Then there are all the things that got left out. The word "schizophrenia" doesn't appear anywhere in the book - there's your first warning sign. No mention of the specific lawsuits over the years - it's not as if Katz could sue him or slap an injunction on it if he just stuck to what's on record. No mention of the later reunions, just a couple photos from the Melvilles era. No mention of the four surviving members reuniting one last time to attempt recording an album, and the reasons why it fell apart. At least that would help resolve the story on a personal level.
I didn't read the whole thing (Matt Wilson loaned it to me), because it's a page-turner for the wrong reasons. Aside from a few Jerry quotes that made me chuckle, there wasn't much relavatory about it. It was mostly this guy's "personal journey" with the music, which is okay (barely) for a blog, but it's his
story, not theirs
. He just goes through the first five albums, remarking on each song whether or not he actually has anything to say about them. Bob initially refused to partcipate, but he eventually gave in, although his responses seem pretty unenthusiastic. Peter also declined to participate because he's been working on his own memoirs, which have evolved into a 100-year family history, dating back to his grandmother moving to Los Angeles with her kids in 1916, his childhood, his mom's childhood, his private years in the 1980s, the various band reunions over the years, then onto the present with him making music with his daughter.
I love a good floating narrative (Peter's memoirs take huge leaps across the decades), but starting with the 1971 reunion was pointless. So I started reading Part 2 first, which didn't help. To top it off, whenever the guy tried to get florid with his writing, it just fell flat. One example, from when he's interviewing Don:
Looking out of the window, I notice that the traffic on Eglinton Avenue has thinned out and the line of cars is gone. Each of those cars is heading to a different destination. And this exact configuration of cars will never again form a traffic line in front of this cafe.
Well, no fucking shit. And this guy is 46 years old?
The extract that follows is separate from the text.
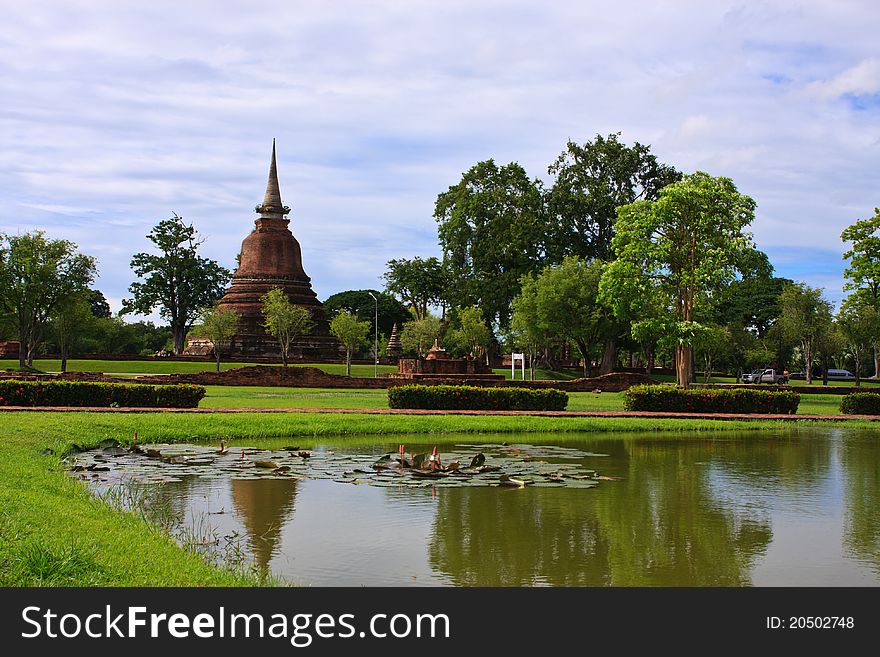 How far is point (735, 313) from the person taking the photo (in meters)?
70.9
There's a great story here to be told, but it's not in this book. I'm actually surprised it got picked up. It doesn't do the band any favors, and it's not exactly something a budding writer should want on his resume. We're better off waiting for Peter to finish his book. He's not going to shop it around until he's done, so the only deadline he has is his own. I've been helping him with the proofreading, and the story is in much better hands with him, as he was there every step of the way. It wasn't all lawsuits and misery either, there were some genuine good times, some of which are hilarious. At the rate he's going (450 pages so far, and the Grape saga has only gotten as far as Monterey Pop), this may turn into a series of books. He has tons of great stories, his recall is excellent, and he's a brilliant raconteur. AND he knows how to spell Purdue!